Phononic Thermal Transport along Graphene Grain Boundaries: A Hidden Vulnerability

While graphene grain boundaries (GBs) are well characterized experimentally, their influence on transport properties is less understood. As revealed here, phononic thermal transport is vulnerable to GBs even when they are ultra-narrow and aligned along the temperature gradient direction. Non-equilibrium molecular dynamics simulations uncover large reductions in the phononic thermal conductivity (kappa(p)) along linear GBs comprising periodically repeating pentagon-heptagon dislocations. Green's function calculations and spectral energy density analysis indicate that the origin of the kappa(p) reduction is hidden in the periodic GB strain field, which behaves as a reflective diffraction grating with either diffuse or specular phonon reflections, and represents a source of anharmonic phonon-phonon scattering. The non-monotonic dependence with dislocation density of kappa(p) uncovered here is unaccounted for by the classical Klemens theory.
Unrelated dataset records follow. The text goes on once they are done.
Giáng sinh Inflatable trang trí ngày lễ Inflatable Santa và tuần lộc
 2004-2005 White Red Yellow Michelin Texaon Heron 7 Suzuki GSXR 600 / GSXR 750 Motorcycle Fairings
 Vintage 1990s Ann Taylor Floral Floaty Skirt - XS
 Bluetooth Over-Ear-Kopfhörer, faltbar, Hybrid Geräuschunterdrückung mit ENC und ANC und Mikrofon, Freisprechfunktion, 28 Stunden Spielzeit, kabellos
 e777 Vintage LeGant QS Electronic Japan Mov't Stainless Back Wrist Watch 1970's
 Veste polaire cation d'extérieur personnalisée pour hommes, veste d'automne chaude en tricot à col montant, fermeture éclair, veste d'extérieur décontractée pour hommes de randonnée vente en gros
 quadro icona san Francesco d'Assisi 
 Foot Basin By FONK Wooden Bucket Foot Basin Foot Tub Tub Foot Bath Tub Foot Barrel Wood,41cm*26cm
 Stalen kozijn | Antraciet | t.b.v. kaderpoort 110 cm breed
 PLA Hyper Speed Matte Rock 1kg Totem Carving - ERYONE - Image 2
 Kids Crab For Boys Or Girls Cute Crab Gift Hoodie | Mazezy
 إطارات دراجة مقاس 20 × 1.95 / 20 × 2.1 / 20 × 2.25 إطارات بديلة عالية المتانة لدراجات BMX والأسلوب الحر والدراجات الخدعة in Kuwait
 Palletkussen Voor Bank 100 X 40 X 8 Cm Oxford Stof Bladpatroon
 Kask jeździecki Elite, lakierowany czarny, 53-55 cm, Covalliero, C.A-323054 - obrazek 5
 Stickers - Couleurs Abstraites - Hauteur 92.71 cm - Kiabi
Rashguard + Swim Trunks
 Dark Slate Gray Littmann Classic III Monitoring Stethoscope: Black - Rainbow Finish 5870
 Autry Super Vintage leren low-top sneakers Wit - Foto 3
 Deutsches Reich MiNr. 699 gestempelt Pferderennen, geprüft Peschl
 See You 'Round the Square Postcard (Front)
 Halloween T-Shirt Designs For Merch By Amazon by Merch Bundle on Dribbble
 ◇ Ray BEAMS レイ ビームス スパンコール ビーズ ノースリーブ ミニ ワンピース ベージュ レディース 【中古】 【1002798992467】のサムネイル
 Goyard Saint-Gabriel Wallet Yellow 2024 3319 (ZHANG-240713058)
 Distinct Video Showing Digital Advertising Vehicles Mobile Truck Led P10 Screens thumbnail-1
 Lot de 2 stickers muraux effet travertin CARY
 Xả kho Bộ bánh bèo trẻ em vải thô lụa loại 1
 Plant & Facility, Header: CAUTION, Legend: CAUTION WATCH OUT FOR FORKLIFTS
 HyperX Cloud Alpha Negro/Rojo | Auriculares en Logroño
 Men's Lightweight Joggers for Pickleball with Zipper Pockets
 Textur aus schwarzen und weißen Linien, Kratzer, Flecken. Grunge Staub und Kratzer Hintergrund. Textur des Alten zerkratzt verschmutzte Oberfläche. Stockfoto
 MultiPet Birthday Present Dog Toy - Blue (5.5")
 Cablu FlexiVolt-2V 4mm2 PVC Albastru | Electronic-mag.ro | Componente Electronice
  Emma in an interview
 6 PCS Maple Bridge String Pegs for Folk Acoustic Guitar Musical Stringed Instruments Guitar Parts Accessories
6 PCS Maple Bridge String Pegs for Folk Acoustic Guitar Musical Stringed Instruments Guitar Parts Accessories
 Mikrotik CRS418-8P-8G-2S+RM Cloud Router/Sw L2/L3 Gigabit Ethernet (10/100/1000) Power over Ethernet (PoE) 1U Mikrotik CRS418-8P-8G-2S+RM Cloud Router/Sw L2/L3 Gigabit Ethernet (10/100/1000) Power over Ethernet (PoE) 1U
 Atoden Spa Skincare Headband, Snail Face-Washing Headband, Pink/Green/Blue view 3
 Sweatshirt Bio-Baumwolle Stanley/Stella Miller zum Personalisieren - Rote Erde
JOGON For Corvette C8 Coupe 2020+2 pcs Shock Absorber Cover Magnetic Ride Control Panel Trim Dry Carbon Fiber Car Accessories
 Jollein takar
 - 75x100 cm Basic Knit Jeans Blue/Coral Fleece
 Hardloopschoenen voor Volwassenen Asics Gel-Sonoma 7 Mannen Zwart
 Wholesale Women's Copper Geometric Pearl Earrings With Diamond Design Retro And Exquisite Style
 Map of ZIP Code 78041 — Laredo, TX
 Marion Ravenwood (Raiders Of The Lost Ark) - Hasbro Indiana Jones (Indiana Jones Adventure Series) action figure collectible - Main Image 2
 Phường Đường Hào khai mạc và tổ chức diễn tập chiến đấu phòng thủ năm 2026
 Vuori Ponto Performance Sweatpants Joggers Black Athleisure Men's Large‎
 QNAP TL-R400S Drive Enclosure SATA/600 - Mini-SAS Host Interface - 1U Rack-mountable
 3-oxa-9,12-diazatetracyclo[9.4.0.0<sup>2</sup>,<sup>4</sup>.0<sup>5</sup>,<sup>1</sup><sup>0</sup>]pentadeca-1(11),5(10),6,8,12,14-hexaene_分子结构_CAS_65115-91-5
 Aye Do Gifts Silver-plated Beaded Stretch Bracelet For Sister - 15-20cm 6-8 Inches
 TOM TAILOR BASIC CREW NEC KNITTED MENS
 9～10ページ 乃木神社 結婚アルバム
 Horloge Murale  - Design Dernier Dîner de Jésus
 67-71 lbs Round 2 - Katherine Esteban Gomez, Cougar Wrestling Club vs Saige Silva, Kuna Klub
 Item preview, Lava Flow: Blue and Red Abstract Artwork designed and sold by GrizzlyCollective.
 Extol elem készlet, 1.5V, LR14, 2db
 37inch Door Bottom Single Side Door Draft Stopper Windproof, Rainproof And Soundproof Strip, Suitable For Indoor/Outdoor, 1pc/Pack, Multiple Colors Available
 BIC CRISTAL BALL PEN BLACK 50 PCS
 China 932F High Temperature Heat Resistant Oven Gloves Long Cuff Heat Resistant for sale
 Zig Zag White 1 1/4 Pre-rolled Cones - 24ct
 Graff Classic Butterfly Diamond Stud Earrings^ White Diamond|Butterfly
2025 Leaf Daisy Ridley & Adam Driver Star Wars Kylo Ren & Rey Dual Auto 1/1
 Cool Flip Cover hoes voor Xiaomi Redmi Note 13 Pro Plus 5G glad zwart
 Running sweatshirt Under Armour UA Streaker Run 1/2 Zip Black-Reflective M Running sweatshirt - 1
It can help identify GB structures that can best preserve the integrity of the phononic transport.

Automated summary

The study finds that even ultra-narrow and aligned graphene grain boundaries (GBs) can significantly reduce the phononic thermal conductivity, due to the presence of linear GBs with pentagon-heptagon dislocations. The reduction in phononic thermal conductivity is attributed to the reflective nature of the periodic GB strain field, causing anharmonic phonon-phonon scattering. The non-monotonic relationship with dislocation density of phononic thermal conductivity uncovered in this study can help in identifying GB structures that can maintain the integrity of phononic transport.